El demonio, debilitado por sus heridas, intentó seguir caminando, pero pronto cayó desmayado por la pérdida de sangre. El ángel lo retuvo en sus brazos, su expresión tranquila pero preocupada, hizo quedarse a su lado para cuidarlo. Aunque no lo comprendía, ella sentía una profunda conexión con él, tenía una necesidad de protegerlo a pesar de su rudeza y agresividad.

Al día siguiente, cuando el demonio despertó, aún se sentía débil y adolorido. Sin embargo, su naturaleza orgullosa lo llevó a intentar levantarse de inmediato, deseando alejarse del ángel cuanto antes. "No deberías moverte", le advirtió el ángel con dulzura. "Si lo haces, tus heridas empeorarán".

Como era de esperarse, el demonio ignoró sus palabras, terco y testarudo. Pero conforme pasaron los días, sus esfuerzos por moverse lo llevaron a sucumbir a la fiebre y a una enfermedad causada por sus heridas. Incapaz de valerse por sí mismo, el demonio fue forzado a aceptar la presencia del ángel.

Su orgullo lo hizo pecar.

Durante ese tiempo, el ángel se dedicó a cuidarlo con cariño y paciencia. A pesar de su hostilidad inicial, ella lo atendía día y noche, trayéndole agua fresca y comida, sanando sus heridas con delicadeza. Cada gesto estaba cargado de una bondad que el demonio nunca había conocido, una compasión que lo desconcertaba y lo hacía sentir incómodo.

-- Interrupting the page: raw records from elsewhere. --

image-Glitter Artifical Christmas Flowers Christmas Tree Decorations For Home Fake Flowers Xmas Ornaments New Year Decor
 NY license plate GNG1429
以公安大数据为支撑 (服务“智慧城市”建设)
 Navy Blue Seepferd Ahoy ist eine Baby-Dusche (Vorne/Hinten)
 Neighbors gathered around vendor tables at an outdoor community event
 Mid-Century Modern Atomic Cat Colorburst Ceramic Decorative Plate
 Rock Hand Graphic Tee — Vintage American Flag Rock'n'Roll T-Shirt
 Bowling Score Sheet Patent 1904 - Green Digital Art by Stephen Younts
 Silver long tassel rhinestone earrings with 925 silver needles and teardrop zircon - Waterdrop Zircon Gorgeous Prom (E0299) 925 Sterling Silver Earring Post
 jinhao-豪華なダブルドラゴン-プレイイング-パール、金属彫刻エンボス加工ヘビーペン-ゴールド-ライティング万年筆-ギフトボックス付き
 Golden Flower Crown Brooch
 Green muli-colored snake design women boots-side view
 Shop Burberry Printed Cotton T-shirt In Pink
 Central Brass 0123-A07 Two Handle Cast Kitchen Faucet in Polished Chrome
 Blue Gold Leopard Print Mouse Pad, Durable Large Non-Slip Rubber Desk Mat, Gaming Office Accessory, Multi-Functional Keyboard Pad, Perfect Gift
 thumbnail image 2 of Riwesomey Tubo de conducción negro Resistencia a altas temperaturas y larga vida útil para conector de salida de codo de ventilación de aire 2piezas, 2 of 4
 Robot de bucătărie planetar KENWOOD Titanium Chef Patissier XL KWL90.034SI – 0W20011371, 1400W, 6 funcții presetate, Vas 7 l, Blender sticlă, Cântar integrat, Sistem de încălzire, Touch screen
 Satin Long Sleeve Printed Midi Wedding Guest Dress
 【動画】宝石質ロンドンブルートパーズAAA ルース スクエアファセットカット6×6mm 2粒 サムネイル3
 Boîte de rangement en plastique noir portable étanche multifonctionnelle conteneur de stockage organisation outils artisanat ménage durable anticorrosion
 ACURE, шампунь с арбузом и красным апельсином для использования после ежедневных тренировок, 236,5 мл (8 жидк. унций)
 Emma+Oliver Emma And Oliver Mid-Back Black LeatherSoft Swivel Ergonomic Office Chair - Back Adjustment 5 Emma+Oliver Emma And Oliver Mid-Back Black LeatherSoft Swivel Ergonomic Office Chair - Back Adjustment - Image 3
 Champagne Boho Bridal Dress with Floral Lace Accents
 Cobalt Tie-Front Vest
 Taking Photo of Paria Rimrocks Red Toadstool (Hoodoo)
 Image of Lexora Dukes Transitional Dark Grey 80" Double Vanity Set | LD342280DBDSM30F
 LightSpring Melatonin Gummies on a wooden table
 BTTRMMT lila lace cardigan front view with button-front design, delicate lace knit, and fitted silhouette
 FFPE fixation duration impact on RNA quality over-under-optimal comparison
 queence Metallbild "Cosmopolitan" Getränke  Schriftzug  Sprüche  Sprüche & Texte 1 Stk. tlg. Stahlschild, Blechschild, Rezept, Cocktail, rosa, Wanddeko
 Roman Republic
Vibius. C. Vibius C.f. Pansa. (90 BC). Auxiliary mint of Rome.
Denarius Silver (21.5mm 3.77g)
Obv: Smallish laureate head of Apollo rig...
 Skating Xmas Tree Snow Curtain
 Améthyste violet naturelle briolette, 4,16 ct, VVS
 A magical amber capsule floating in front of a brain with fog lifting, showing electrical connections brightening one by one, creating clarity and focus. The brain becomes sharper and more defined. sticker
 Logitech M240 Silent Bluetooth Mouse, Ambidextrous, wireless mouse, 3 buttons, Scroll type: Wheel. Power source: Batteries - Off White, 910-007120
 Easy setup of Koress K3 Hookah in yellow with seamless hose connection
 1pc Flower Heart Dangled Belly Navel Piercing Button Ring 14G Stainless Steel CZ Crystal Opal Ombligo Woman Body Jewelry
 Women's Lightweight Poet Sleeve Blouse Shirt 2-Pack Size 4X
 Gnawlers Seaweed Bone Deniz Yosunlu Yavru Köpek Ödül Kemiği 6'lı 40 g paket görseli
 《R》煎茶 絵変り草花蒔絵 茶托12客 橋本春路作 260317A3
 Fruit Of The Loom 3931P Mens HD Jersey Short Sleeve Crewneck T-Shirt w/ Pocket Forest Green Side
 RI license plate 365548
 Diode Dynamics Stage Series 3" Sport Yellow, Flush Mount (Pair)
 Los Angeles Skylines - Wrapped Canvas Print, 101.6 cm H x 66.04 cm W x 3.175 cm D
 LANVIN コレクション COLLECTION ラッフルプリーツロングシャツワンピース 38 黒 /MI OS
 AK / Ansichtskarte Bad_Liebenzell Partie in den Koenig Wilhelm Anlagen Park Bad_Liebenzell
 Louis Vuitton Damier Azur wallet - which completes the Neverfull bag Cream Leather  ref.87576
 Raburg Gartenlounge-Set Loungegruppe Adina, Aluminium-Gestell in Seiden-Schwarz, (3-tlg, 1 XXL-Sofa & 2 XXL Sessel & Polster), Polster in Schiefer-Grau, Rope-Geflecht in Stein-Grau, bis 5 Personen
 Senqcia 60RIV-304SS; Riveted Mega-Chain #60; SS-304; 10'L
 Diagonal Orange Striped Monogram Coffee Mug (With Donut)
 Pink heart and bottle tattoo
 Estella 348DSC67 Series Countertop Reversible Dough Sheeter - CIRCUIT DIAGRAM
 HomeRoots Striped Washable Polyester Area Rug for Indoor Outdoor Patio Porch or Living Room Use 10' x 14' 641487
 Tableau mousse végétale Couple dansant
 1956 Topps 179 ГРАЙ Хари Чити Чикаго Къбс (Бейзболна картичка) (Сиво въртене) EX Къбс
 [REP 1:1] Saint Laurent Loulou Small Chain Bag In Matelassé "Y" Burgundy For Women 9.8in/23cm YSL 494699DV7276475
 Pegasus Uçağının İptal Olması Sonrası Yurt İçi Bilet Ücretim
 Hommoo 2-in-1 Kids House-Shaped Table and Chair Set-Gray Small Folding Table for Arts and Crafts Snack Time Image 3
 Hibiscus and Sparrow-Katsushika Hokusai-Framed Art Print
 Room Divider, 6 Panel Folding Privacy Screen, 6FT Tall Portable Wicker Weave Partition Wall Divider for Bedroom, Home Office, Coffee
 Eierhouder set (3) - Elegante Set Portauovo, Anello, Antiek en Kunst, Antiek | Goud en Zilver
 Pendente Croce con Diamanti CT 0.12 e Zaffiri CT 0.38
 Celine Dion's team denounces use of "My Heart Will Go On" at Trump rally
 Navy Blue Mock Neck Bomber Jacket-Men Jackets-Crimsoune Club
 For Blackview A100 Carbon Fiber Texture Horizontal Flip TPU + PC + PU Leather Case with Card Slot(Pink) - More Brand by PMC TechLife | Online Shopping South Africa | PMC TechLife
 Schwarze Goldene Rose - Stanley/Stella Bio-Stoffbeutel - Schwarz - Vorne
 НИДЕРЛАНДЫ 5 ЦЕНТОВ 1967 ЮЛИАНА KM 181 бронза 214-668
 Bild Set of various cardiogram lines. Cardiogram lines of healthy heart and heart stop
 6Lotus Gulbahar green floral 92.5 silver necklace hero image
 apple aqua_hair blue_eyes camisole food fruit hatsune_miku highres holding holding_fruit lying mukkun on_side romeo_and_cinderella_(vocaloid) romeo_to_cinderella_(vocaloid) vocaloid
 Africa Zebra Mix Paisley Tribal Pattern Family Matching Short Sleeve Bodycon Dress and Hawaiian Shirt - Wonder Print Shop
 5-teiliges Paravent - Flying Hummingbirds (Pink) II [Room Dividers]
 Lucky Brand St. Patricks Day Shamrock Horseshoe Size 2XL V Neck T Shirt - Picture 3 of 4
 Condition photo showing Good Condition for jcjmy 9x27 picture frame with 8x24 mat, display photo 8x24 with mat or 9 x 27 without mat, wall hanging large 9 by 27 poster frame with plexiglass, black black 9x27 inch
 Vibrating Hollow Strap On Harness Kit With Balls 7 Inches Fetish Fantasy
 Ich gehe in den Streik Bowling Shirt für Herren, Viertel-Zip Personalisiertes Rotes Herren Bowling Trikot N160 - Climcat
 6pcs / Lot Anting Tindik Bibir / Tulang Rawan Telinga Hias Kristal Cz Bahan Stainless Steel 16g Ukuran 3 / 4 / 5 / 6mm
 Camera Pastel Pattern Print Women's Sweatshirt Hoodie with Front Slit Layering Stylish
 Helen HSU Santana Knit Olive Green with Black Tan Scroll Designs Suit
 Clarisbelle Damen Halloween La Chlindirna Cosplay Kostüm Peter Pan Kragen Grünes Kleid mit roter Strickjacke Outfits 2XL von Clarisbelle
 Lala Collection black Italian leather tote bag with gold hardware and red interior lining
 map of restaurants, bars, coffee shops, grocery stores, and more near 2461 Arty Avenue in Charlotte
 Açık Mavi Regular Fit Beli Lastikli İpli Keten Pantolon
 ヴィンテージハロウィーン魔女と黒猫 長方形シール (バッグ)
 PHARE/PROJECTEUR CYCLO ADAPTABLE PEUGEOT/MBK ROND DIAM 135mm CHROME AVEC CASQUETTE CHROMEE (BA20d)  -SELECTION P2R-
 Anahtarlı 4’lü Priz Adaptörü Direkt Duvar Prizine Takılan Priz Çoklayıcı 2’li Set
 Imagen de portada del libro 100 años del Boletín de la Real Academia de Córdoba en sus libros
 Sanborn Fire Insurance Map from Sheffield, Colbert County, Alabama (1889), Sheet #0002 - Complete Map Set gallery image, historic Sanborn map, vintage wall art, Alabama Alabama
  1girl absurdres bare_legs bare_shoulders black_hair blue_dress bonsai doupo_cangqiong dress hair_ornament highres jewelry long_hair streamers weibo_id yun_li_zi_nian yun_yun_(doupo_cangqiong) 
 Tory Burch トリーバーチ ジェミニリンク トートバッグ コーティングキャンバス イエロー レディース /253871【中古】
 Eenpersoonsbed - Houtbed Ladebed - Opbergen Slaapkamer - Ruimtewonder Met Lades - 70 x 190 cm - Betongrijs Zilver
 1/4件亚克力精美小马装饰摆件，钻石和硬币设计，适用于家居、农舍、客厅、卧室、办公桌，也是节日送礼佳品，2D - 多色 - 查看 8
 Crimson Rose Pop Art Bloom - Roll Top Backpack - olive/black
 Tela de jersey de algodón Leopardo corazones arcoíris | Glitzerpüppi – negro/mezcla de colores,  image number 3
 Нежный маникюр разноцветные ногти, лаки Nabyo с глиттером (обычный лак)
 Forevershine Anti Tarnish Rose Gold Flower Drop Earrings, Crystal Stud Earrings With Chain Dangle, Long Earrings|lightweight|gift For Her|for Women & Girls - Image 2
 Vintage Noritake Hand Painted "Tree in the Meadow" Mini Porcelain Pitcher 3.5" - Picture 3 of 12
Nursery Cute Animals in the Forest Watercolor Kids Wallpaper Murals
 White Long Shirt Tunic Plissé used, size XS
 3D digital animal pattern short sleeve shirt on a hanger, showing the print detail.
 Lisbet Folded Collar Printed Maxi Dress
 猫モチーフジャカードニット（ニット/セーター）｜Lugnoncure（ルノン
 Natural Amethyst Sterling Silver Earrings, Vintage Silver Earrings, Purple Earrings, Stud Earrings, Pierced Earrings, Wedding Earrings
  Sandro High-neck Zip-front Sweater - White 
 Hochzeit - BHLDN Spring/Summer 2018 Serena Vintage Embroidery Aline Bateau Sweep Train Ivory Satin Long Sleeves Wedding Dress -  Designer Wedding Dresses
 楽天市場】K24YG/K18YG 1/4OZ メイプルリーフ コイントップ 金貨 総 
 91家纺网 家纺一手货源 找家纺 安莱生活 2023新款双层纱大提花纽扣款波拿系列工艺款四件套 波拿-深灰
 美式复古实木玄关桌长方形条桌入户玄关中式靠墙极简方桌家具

A medida que los días pasaban, el demonio comenzó a recuperarse, aunque seguía sin entender el por qué de la devoción del ángel hacia él. Su cuerpo sanaba, pero su mente seguía atrapada en la confusión. ¿Por qué alguien se quedaría a cuidar de un ser tan frío y cruel como él? El demonio había aprendido a sobrevivir solo, a desconfiar de todos, pero esta mujer, con su bondad y pureza, sembraba dudas en su corazón endurecido.

Con el tiempo, el demonio se recuperó por completo, pero algo en él había cambiado. Aunque nunca lo admitiría, una pequeña parte de su ser comenzaba a cuestionar su naturaleza. Y aunque no comprendía los sentimientos del ángel, no podía evitar sentir una extraña e inquietante curiosidad por ella.

El demonio miró a la mujer con desconcierto y le preguntó: "¿Por qué siempre te ves tan feliz?". La respuesta del ángel fue sencilla pero profunda: "Cada vez que veo tus cicatrices, recuerdo el día en que me protegiste. Eso me hace feliz".

Esa respuesta lo desconcertó aún más. ¿Cómo podía ella encontrar alegría en el recuerdo de una herida? Para él, la protección nunca había sido más que un acto de posesión, de egoísmo. Sin embargo, algo en las palabras del ángel lo hizo reflexionar, despertando en su mente una pregunta inquietante: ¿Por qué esa mujer era capaz de hacer algo por otro sin esperar nada a cambio? Mientras que todo lo que él hacía era por su propio beneficio.